= Beginning of Section =

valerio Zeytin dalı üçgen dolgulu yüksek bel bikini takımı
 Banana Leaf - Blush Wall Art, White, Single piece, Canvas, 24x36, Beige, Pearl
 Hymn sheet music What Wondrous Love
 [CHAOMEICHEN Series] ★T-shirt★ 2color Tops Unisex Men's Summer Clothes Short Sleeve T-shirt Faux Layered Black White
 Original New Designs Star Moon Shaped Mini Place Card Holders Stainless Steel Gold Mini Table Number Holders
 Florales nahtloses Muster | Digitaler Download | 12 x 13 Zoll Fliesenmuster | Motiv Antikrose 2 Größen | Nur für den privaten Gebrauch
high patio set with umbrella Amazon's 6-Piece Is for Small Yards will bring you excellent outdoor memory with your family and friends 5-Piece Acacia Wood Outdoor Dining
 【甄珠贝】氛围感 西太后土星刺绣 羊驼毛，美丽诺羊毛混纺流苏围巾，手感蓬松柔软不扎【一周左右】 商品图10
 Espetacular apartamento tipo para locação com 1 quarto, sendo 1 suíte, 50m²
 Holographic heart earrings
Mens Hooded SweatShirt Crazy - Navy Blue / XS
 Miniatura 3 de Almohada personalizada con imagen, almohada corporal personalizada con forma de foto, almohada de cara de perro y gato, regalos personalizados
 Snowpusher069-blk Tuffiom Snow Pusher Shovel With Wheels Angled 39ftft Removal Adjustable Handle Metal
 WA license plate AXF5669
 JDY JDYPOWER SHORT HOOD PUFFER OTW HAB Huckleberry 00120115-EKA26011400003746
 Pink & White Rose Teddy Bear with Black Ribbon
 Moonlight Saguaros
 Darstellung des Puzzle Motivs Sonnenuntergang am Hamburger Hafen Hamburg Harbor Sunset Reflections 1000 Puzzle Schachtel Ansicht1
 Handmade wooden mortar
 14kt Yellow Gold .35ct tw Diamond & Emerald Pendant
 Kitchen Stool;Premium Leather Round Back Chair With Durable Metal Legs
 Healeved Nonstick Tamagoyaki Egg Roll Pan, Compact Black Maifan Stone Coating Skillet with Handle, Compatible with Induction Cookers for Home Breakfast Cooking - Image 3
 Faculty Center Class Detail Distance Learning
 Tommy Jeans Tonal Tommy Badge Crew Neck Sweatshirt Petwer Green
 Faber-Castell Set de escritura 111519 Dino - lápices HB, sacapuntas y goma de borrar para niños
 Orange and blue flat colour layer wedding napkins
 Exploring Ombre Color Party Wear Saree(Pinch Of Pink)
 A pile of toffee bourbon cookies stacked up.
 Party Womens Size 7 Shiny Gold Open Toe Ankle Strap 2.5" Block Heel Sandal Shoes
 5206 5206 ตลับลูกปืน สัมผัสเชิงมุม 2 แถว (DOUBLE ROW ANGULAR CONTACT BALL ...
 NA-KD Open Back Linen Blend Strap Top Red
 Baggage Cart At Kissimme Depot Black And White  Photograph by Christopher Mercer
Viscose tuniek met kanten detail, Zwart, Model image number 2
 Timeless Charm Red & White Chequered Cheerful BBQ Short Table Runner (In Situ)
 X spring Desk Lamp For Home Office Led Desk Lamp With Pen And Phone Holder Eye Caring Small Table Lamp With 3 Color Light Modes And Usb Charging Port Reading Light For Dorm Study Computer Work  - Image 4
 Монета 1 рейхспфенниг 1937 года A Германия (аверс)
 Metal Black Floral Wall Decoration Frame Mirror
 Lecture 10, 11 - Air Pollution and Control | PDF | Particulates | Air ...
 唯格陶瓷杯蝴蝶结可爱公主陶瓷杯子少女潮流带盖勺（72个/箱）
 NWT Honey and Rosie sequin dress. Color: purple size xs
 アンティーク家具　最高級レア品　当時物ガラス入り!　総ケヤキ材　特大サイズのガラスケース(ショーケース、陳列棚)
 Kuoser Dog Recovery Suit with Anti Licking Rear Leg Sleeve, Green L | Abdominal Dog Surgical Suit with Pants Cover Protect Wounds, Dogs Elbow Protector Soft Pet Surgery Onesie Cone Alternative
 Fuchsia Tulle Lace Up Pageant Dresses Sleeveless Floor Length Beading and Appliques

= End of Section =

### Task item
Every entry should be reproduced exactly, with no part omitted.

### Written response
valerio Zeytin dalı üçgen dolgulu yüksek bel bikini takımı
 Banana Leaf - Blush Wall Art, White, Single piece, Canvas, 24x36, Beige, Pearl
 Hymn sheet music What Wondrous Love
 [CHAOMEICHEN Series] ★T-shirt★ 2color Tops Unisex Men's Summer Clothes Short Sleeve T-shirt Faux Layered Black White
 Original New Designs Star Moon Shaped Mini Place Card Holders Stainless Steel Gold Mini Table Number Holders
 Florales nahtloses Muster | Digitaler Download | 12 x 13 Zoll Fliesenmuster | Motiv Antikrose 2 Größen | Nur für den privaten Gebrauch
high patio set with umbrella Amazon's 6-Piece Is for Small Yards will bring you excellent outdoor memory with your family and friends 5-Piece Acacia Wood Outdoor Dining
 【甄珠贝】氛围感 西太后土星刺绣 羊驼毛，美丽诺羊毛混纺流苏围巾，手感蓬松柔软不扎【一周左右】 商品图10
 Espetacular apartamento tipo para locação com 1 quarto, sendo 1 suíte, 50m²
 Holographic heart earrings
Mens Hooded SweatShirt Crazy - Navy Blue / XS
 Miniatura 3 de Almohada personalizada con imagen, almohada corporal personalizada con forma de foto, almohada de cara de perro y gato, regalos personalizados
 Snowpusher069-blk Tuffiom Snow Pusher Shovel With Wheels Angled 39ftft Removal Adjustable Handle Metal
 WA license plate AXF5669
 JDY JDYPOWER SHORT HOOD PUFFER OTW HAB Huckleberry 00120115-EKA26011400003746
 Pink & White Rose Teddy Bear with Black Ribbon
 Moonlight Saguaros
 Darstellung des Puzzle Motivs Sonnenuntergang am Hamburger Hafen Hamburg Harbor Sunset Reflections 1000 Puzzle Schachtel Ansicht1
 Handmade wooden mortar
 14kt Yellow Gold .35ct tw Diamond & Emerald Pendant
 Kitchen Stool;Premium Leather Round Back Chair With Durable Metal Legs
 Healeved Nonstick Tamagoyaki Egg Roll Pan, Compact Black Maifan Stone Coating Skillet with Handle, Compatible with Induction Cookers for Home Breakfast Cooking - Image 3
 Faculty Center Class Detail Distance Learning
 Tommy Jeans Tonal Tommy Badge Crew Neck Sweatshirt Petwer Green
 Faber-Castell Set de escritura 111519 Dino - lápices HB, sacapuntas y goma de borrar para niños
 Orange and blue flat colour layer wedding napkins
 Exploring Ombre Color Party Wear Saree(Pinch Of Pink)
 A pile of toffee bourbon cookies stacked up.
 Party Womens Size 7 Shiny Gold Open Toe Ankle Strap 2.5" Block Heel Sandal Shoes
 5206 5206 ตลับลูกปืน สัมผัสเชิงมุม 2 แถว (DOUBLE ROW ANGULAR CONTACT BALL ...
 NA-KD Open Back Linen Blend Strap Top Red
 Baggage Cart At Kissimme Depot Black And White  Photograph by Christopher Mercer
Viscose tuniek met kanten detail, Zwart, Model image number 2
 Timeless Charm Red & White Chequered Cheerful BBQ Short Table Runner (In Situ)
 X spring Desk Lamp For Home Office Led Desk Lamp With Pen And Phone Holder Eye Caring Small Table Lamp With 3 Color Light Modes And Usb Charging Port Reading Light For Dorm Study Computer Work  - Image 4
 Монета 1 рейхспфенниг 1937 года A Германия (аверс)
 Metal Black Floral Wall Decoration Frame Mirror
 Lecture 10, 11 - Air Pollution and Control | PDF | Particulates | Air ...
 唯格陶瓷杯蝴蝶结可爱公主陶瓷杯子少女潮流带盖勺（72个/箱）
 NWT Honey and Rosie sequin dress. Color: purple size xs
 アンティーク家具　最高級レア品　当時物ガラス入り!　総ケヤキ材　特大サイズのガラスケース(ショーケース、陳列棚)
 Kuoser Dog Recovery Suit with Anti Licking Rear Leg Sleeve, Green L | Abdominal Dog Surgical Suit with Pants Cover Protect Wounds, Dogs Elbow Protector Soft Pet Surgery Onesie Cone Alternative
 Fuchsia Tulle Lace Up Pageant Dresses Sleeveless Floor Length Beading and Appliques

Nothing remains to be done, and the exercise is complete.